WHAT THIS TASK INVOLVES -
Print the data that follows exactly.

[RECORDS FOR THE EXERCISE]

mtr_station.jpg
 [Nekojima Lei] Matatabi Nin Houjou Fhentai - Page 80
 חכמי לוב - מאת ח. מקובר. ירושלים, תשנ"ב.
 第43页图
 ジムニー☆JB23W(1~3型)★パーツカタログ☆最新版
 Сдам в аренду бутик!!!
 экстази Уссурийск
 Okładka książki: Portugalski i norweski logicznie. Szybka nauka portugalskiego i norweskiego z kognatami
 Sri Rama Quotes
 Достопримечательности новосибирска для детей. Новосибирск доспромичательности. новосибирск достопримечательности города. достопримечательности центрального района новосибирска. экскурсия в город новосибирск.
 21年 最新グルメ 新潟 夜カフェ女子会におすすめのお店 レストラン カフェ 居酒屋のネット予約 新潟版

[/RECORDS FOR THE EXERCISE]

RESPONSE AREA -
mtr_station.jpg
 [Nekojima Lei] Matatabi Nin Houjou Fhentai - Page 80
 חכמי לוב - מאת ח. מקובר. ירושלים, תשנ"ב.
 第43页图
 ジムニー☆JB23W(1~3型)★パーツカタログ☆最新版
 Сдам в аренду бутик!!!
 экстази Уссурийск
 Okładka książki: Portugalski i norweski logicznie. Szybka nauka portugalskiego i norweskiego z kognatami
 Sri Rama Quotes
 Достопримечательности новосибирска для детей. Новосибирск доспромичательности. новосибирск достопримечательности города. достопримечательности центрального района новосибирска. экскурсия в город новосибирск.
 21年 最新グルメ 新潟 夜カフェ女子会におすすめのお店 レストラン カフェ 居酒屋のネット予約 新潟版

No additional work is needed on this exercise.